LONDON (Reuters) – British Prime Minister Tony Blair stepped into the debate over the integration of Muslims into British society on Tuesday, calling the full veil worn by some Muslim women “a mark of separation.”
Controversy has erupted in Britain over the wearing of the veil with some leaders of Britain’s 1.8 million Muslims accusing the government of stirring up Islamophobia.
The radicalization of some young British Muslims, rammed home in July last year when British-born Muslim suicide bombers killed 52 people on London transport, has raised questions about whether Britain has done enough to integrate Muslims.
Blair, who has until now encouraged the debate on integration without expressing an opinion on veils, came the closest he has to taking sides.
Asked if a woman who wore the veil could make a full contribution to British society, Blair said: “It is a mark of separation and that’s why it makes other people from outside the community feel uncomfortable.”
“No one wants to say that people don’t have the right to do it, that’s to take it too far, but I think we do need to confront this issue about how we integrate people properly with our society and all the evidence is when people do integrate more they achieve more as well.
“I’m not saying anyone should be forced to do anything,” he told his monthly news conference.
Blair also said he fully supported the way a local education authority had handled the case of a Muslim teaching assistant who was suspended for wearing a veil.
Aishah Azmi, 24, said the veil, which left just her eyes exposed, had never been a problem for pupils at the school in northern England where she taught.
The school told Azmi she could wear the veil in corridors but must remove it when teaching, but she refused.

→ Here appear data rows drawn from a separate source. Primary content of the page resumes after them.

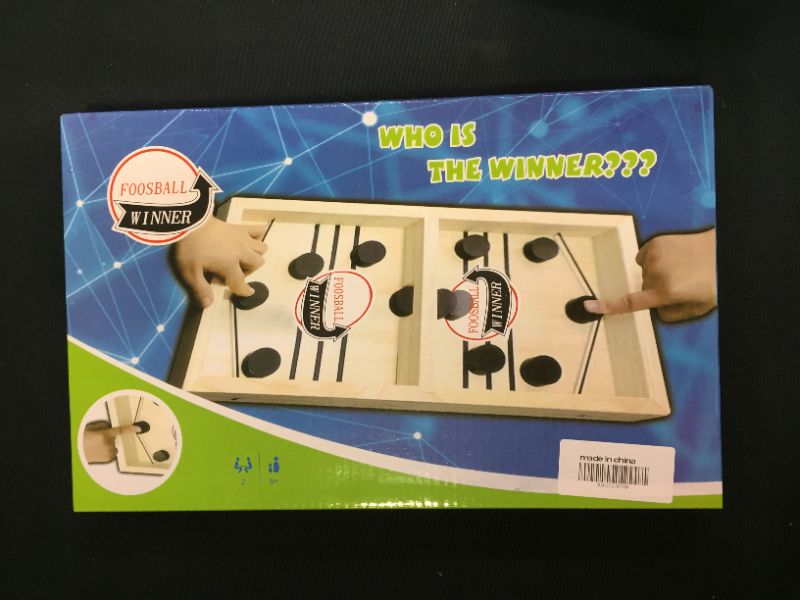 Photo 1 of FINGER FOOSBALL BOARD GAME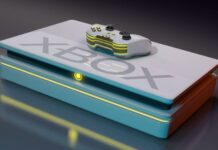 Xbox console concept by DZ Migo.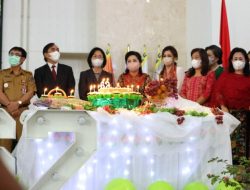 Suasana keakraban di puncak dies natalis Faperta Unsrat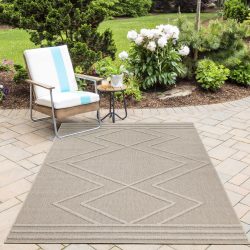 Ayyildiz Teppiche Outdoorteppich »PATARA 4954«, rechteckig, Pflegeleicht / Strapazierfähig / In- und Outdoor geeignet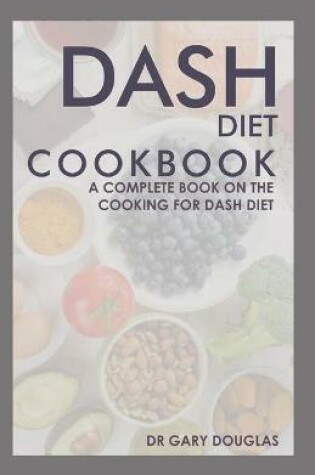 Cover of Dash Diet Cookbook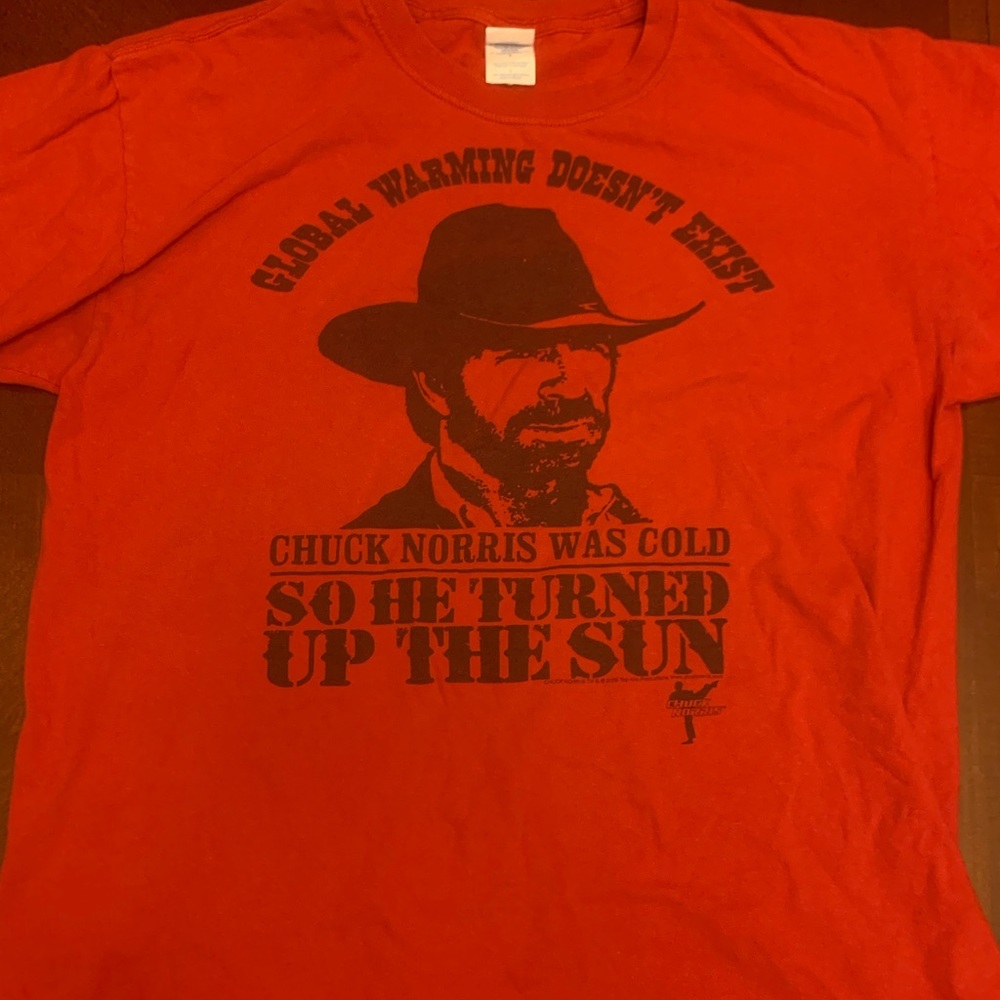 Chuck Norris Graphic Tee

Her case is currently before an employment tribunal.
The issue of veils was thrust into the spotlight this month when former foreign secretary Jack Straw said Muslim women who wore full veils made community relations difficult.
Blair called for a debate on how the Muslim community integrates into British society and on how Islam comes to terms with the modern world.
His government has begun to question whether Britain’s traditional policy of promoting a multicultural society — where different communities live side by side without having a single British identity imposed on them — has backfired by contributing toward the isolation of some communities.
The government’s focus on Muslim extremism and integration prompted the Muslim Council of Britain, the country’s largest Islamic group, to write to Communities Secretary Ruth Kelly this week complaining an entire community was being stigmatized.
“What is happening, especially in the last few months, has been a barrage of demonization of the Muslim community to such an extent that the community is now scared and the whole community feels vulnerable,” MCB General Secretary Muhammad Abdul Bari told BBC Radio.